Il y a vingt ans, les décideurs politiques considéraient que les énergies fossiles étaient certes polluantes, mais sûres et bon marché. La sobriété énergétique était absente du débat. L’efficacité énergétique et les énergies renouvelables étaient vues comme technologiquement immatures et économiquement coûteuses. Le choc des énergies fossiles que nous vivons depuis un an et demi est amené à durer. Il devrait nous conduire à réévaluer la situation. Les énergies fossiles demeurent polluantes, notre approvisionnement soumis à des risques, et le prix du gaz est intenable. La sobriété énergétique apparaît comme une mesure non pas de simple gestion de crise mais comme ouvrant de nouvelles perspectives d’organisation de nos sociétés. La rénovation des bâtiments devient un enjeu de sécurité énergétique et d’indépendance nationale.

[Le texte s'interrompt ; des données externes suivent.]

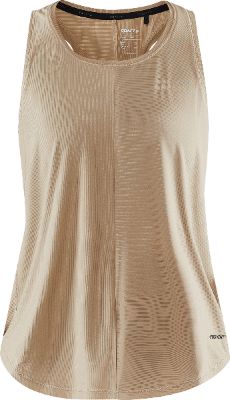 Core Charge Rib Singlet - Women's|-|Camisole côtelé Core Charge - Femme sold by The Last Hunt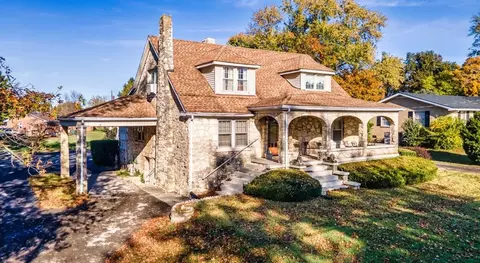 614 S Main St, Elkton, KY 42220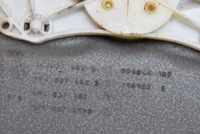 фото thumb №16, Подъемник стекло правый перед eu 5m0837462 vw golf 5 v plus 03-09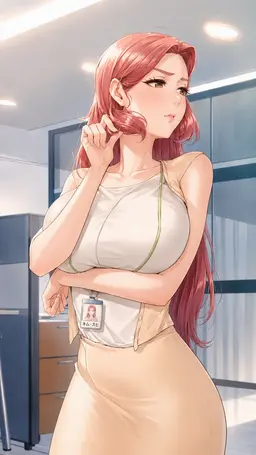 Profile image of キム・スヒ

Quant aux énergies renouvelables, elles constituent, pour reprendre les mots de Christian Lindner, ministre des Finances allemand, « les énergies de la liberté » : car si Poutine peut nous couper le gaz, il ne peut empêcher le soleil de briller ni le vent de souffler.

Dès lors, l’année 2023 offre tout de même des perspectives positives. Si le pire est peut-être encore devant nous, la lumière au bout du tunnel est néanmoins visible. C’est en investissant dans la sobriété, l’efficacité et les énergies renouvelables que les Européens pourront surmonter ce choc énergétique et cette crise économique. Cela nécessitera un plan européen d’investissement pour le climat et la sécurité énergétique. Ce faisant, nous promouvrons le leadership européen dans les technologies propres (leadership menacé par l’Inflation Reduction Act américain) tout en contribuant à l’action mondiale pour le climat. C’est en agissant immédiatement, en articulant le court, le moyen et le long terme, que nous, Européens, pourrons faire de 2023 l’année du tournant énergétique mondial.

  • 1. Derek Perrotte, « Vestager : “Avec l’énergie russe, l’Europe n’a pas été naïve, elle a été cupide” », Les Échos, 24 mai 2022.
  • 2. Phuc-Vinh Nguyen, « Lumière sur le marché européen de l’électricité » [en ligne], Institut Jacques-Delors, novembre 2022.
  • 3. EU Member State Spending on Russian Fossil Fuels, Europe Beyond Coal [en ligne].

Phuc-Vinh Nguyen

Chercheur en politique française et européenne de l’énergie, InstitutJacques-Delors.

Thomas Pellerin-Carlin

Directeur du Programme Europe, Institut de l’économie pour leclimat (I4CE).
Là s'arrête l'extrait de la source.